Be careful of the strong ringgit

“Do not get over-confident by this episode of ringgit strengthening. An unreasonably strong ringgit for an unduly protracted period is likely a sign of danger. The funds may be setting up for a big fall later,” said Pong.

China’s economic growth last year rose to 6.9% from 6.7% in 2016, marking its first year of acceleration since 2010.

Gross domestic product increased 6.8% in the fourth quarter from a year earlier, versus 6.7% in a Bloomberg survey.

“It was an upside surprise to the market. While it appears to be good news, it will likely be hard to keep up with that rate of growth,” said Wong. The Beijing authorities will continue to adopt restrictive monetary policies and financial stability measures to rein in credit expansion and control debt. This is to ensure that the economy is anchored on a sustainable growth path,” said Lee.

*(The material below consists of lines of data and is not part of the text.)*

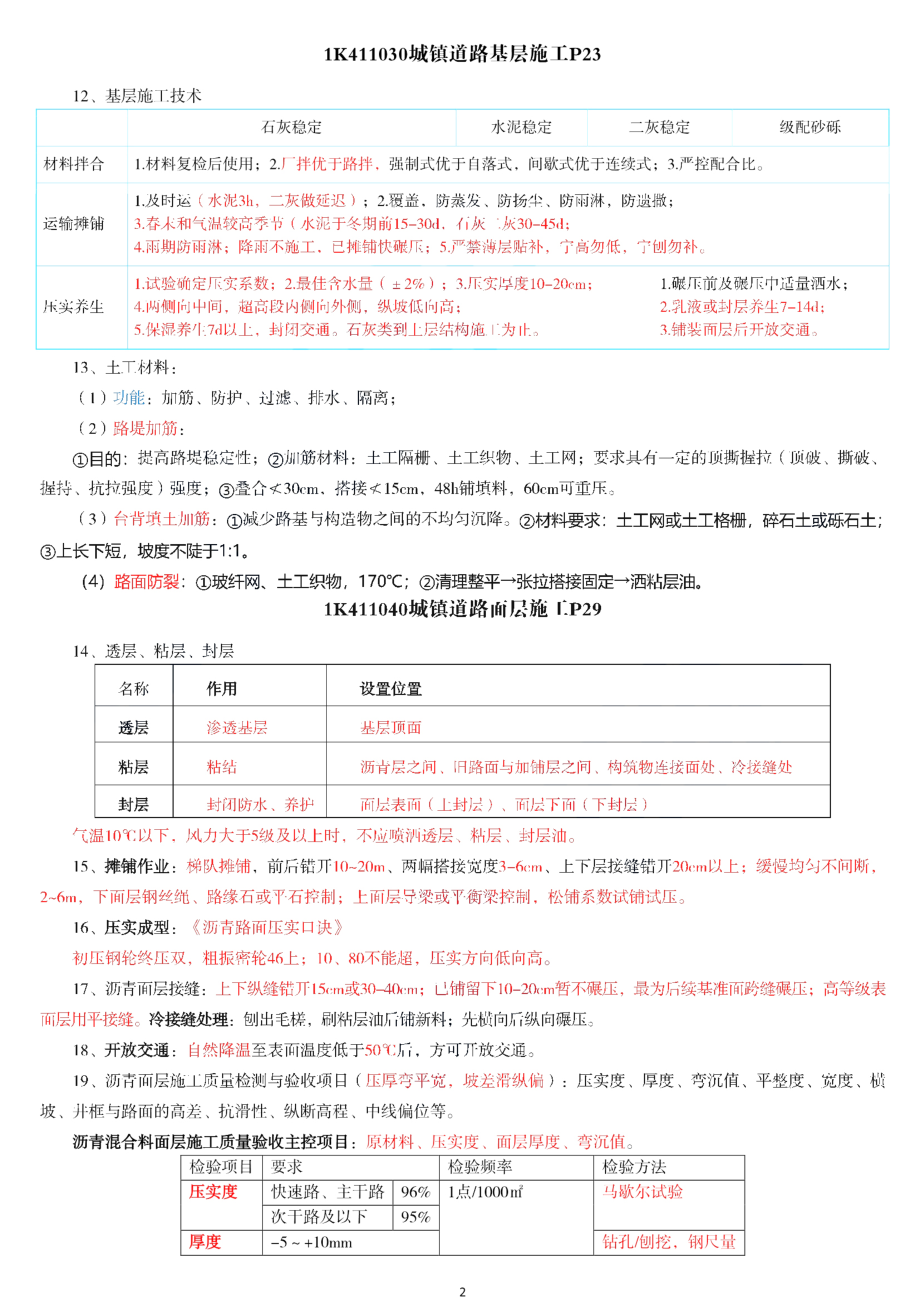 WM_2021年一建市政-浓缩纯金资料.pdf_第2页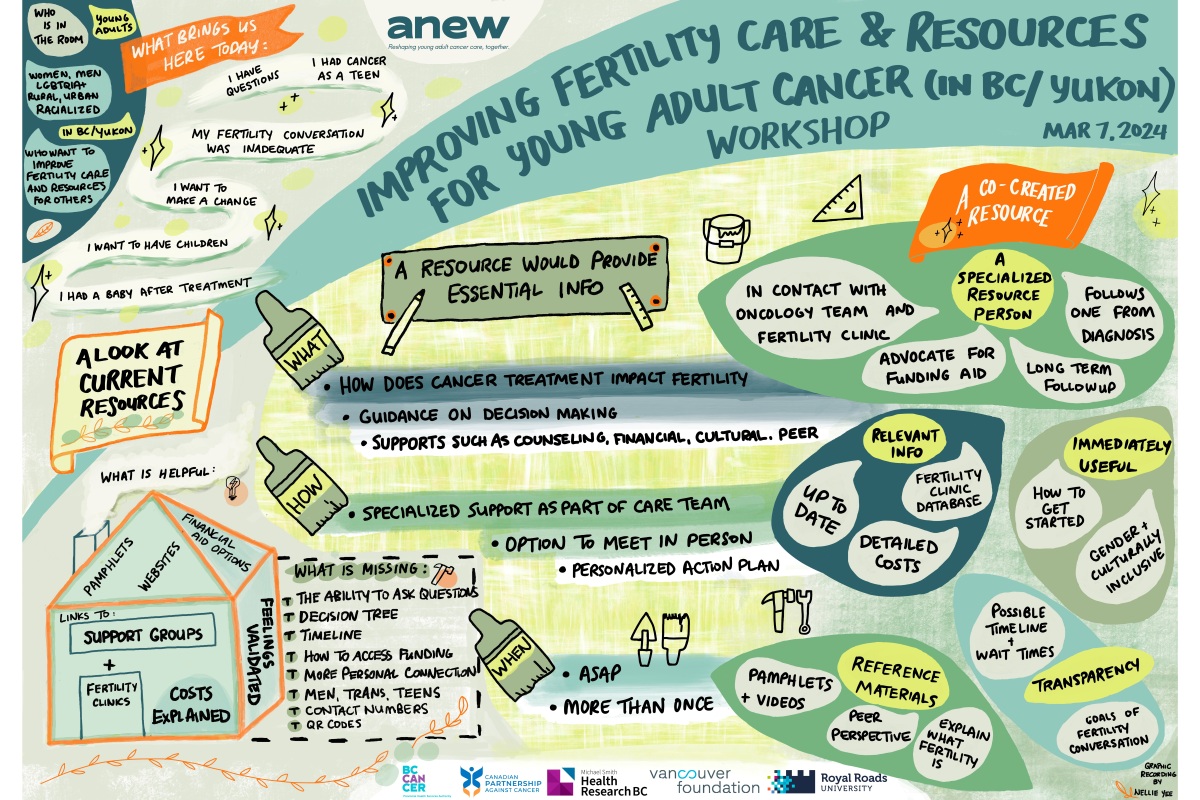 Graphic recording of the fertility care project.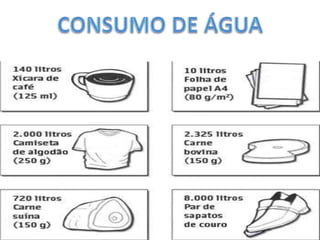 CONSUMO - EDUCAÇÃO AMBIENTAL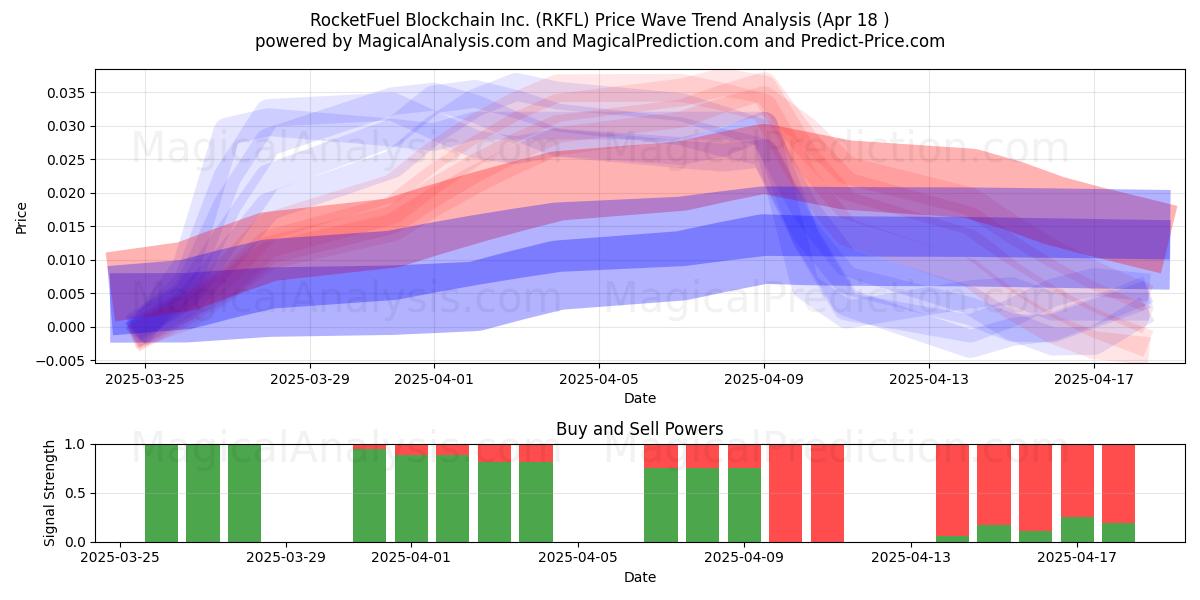  RocketFuel Blockchain Inc. (RKFL) Support and Resistance area (18 Apr)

Retail sales in China are on track to hit US$5.8 trillion, said The Washington Post, quoting Mizuho.

It is expected to equal or surpass sales in the United States for the first time, added the report. “This underlies steadying economic restructuring to focus on domestic consumption and services as the drivers of growth.

“Sustained Chinese consumer spending opens up business opportunities and spurs demand for consumer products.

“Chinese consumers’ craze for the Musang King durian, coffee, birds nest and halal products have boosted exports and the growth of e-commerce,” said Lee.

Columnist Yap Leng Kuen views that debt is not a small matter that should be aggressively used.